Lo que hasta hace meses parecía imposible —ver a Espinosa de los Monteros abrazado por la cúpula del Partido Popular— es ahora una realidad insultante para quien conserve algo de memoria política. Atrás quedaron las soflamas de Tellado, las diatribas de Feijóo y los cortes de mangas dialécticos entre Génova y la vieja cúpula de Vox. Donde antes hubo palabras como “radical” y “extremista”, hoy hay palmaditas en la espalda, sonrisas y la puesta en marcha de una maquinaria perfectamente calculada con un único objetivo: echar a Sánchez de La Moncloa, sea a costa de lo que sea.
La estrategia no esconde su crudeza ni su indecencia. El Partido Popular ha dejado claro que, en su desesperación por sumar fuerzas, toda frontera ideológica puede saltar por los aires si el botín es el Gobierno de España. Feijóo, ese adalid de la moderación que juraba no cruzar ciertas líneas, se ha lanzado con entusiasmo a cortejar a quien hasta hace un suspiro era la bestia negra de la “España sensata”. Espinosa es recibido con los brazos abiertos, como si la historia reciente de acusaciones y portazos jamás hubiera existido.

Miguel Tellado, ajeno por completo a la ironía, abandona el personaje de aguafiestas para convertirse en anfitrión del think tank “Atenea”. Lo que ayer era anatema, hoy es “bienvenido a casa”; lo que se mascaba con desprecio, ahora es útil para la causa. El PP apadrina cada idea, legitima cada propuesta, bendice cada nuevo paso de Espinosa de los Monteros en la arena pública, sin el más mínimo rubor por los bandazos dados.
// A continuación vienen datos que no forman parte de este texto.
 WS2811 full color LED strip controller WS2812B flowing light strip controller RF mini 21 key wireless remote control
La operación es tan transparente como cínica: el mensaje es claro para la derecha desencantada. Vox es un traje chico para los sueños de grandeza del PP. Espinosa de los Monteros se exhibe como ejemplo del que “sabe sumar para España”, mientras Génova convierte las viejas guerras de la derecha en meros recuerdos difusos que conviene enterrar. Los populares se han lanzado a por el electorado que aún flirtea con Vox, sabiendo que ahí está el millón de votos que puede inclinar la balanza nacional. Para lograrlo, todo vale: alianzas, rehacer amistades y, por supuesto, reescribir la historia a conveniencia.
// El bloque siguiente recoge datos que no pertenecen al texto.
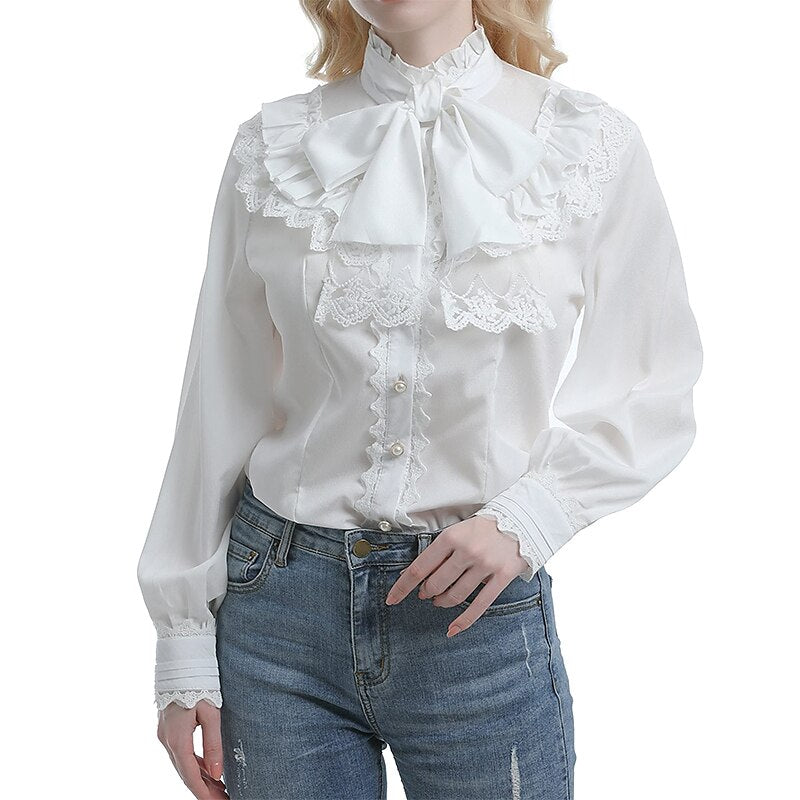 Renaissance Princess Style Ruffle Sleeve  Blouse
El discurso oficial repite que lo importante ahora es “aportar soluciones” y “abrir un debate de regeneración”. Pero la regeneración que anuncian es pura cosmética. La verdadera jugada es amarrar el bloque, sumar activos y presentar la imagen de una derecha fuerte, musculada, imbatible en el objetivo de desalojar a Sánchez. Ni Vox ni sus viejos fantasmas internos serán ahora un obstáculo: no hay espacio para la memoria cuando se juega el asalto final.
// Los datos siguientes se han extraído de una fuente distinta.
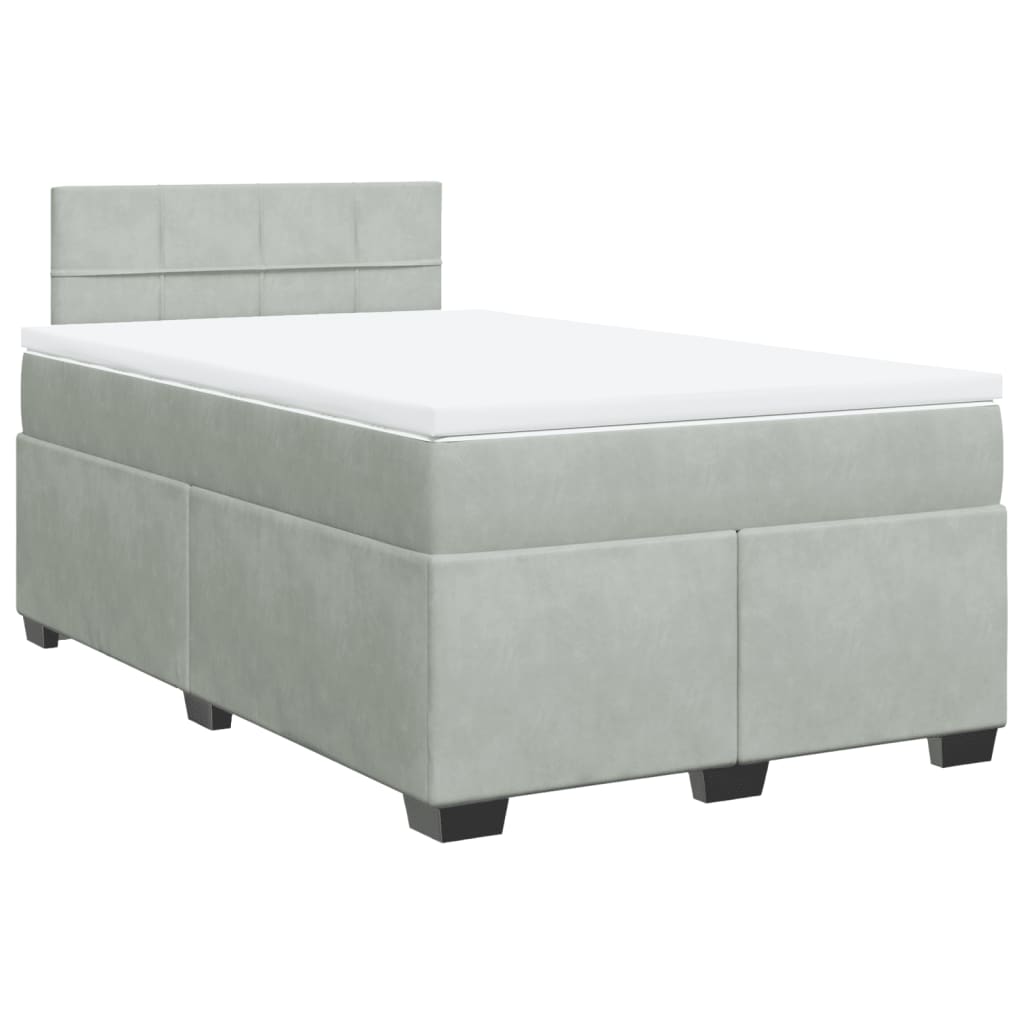 Box spring krevet s madracem svjetlosivi 120x200 cm baršunasti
Feijóo parece haber entendido que, para llegar a la Moncloa, la pureza ideológica sólo estorba. El PP gana presencia, músculo mediático y base social con la operación Espinosa. Tellado abandona su disfraz, se calza el traje de hombre de Estado y asume que las palabras se las lleva el viento, pero los votos se quedan. La antigua crítica de que Espinosa era “demasiado ultra” se ha archivado: la realidad del calendario electoral ha impuesto su lógica.
Mientras, el nuevo tándem sonríe, posa para la prensa y se presenta como el equipo del cambio, de la España posible, de la solución a todos los problemas que el PP denuncia con vehemencia cuando gobierna otro. Lo cierto es que, tras este abrazo, no queda nada de la vieja doctrina: el PP se ha convertido en un partido sin memoria, dispuesto a pasar por encima de lo que sea para recuperar el poder.
Este pacto, camuflado de foro de ideas y buen rollo, es la prueba definitiva de que la moral política sólo es un decorado, y que el odio al adversario puede más que cualquier viejo orgullo partidista. Feijóo, Tellado y Espinosa representan la nueva derecha española: pragmática hasta la náusea, amnésica cuando conviene, implacable en su ambición. Mientras tanto, los ciudadanos ven cómo lo que ayer era impensable hoy se celebra como genio estratégico, y lo que fue disputa ideológica se transforma en foto de familia, con una única consigna: todo por echar a Sánchez… y que arda la memoria.